Instructions to follow -
The full listing, exactly as written and with no images, is the expected output.

Exercise data -
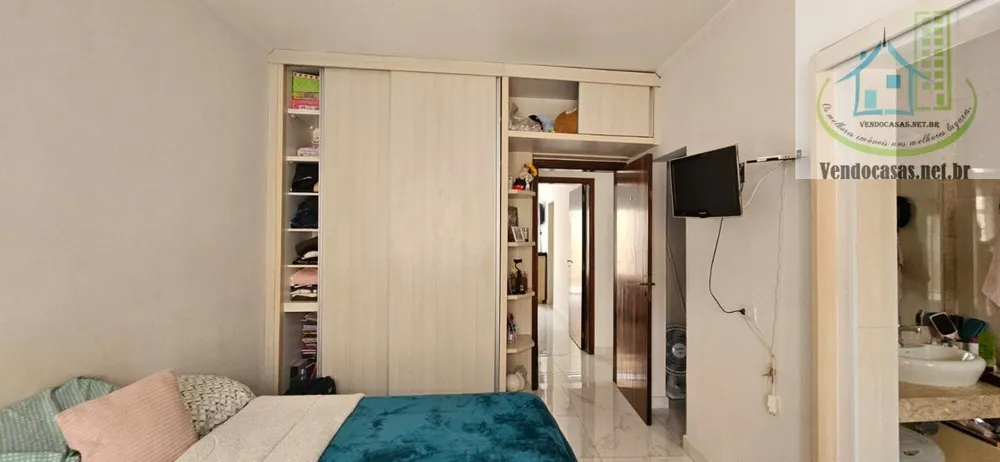 Casa, 4 quartos, 256 m² - Foto 13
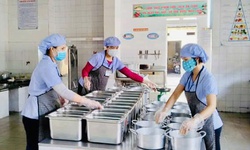 TP.HCM: Khẩn trương điều tra vụ nghi ngờ ngộ độc thực phẩm tại trường học, siết chặt an toàn bếp ăn học đường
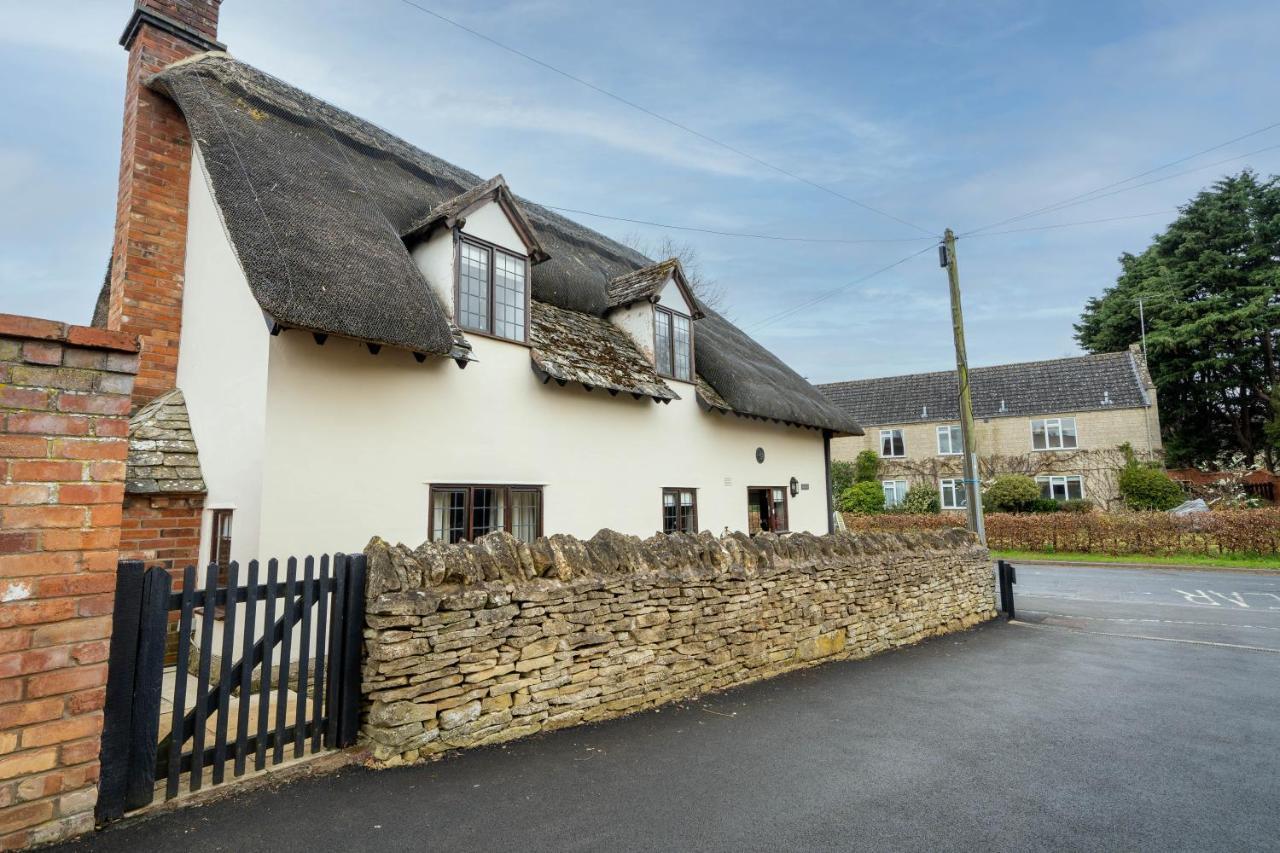 Cotswold Thatched Cottage Mickleton  Luaran gambar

Answer to the exercise -
 Casa, 4 quartos, 256 m² - Foto 13
 TP.HCM: Khẩn trương điều tra vụ nghi ngờ ngộ độc thực phẩm tại trường học, siết chặt an toàn bếp ăn học đường
 Cotswold Thatched Cottage Mickleton  Luaran gambar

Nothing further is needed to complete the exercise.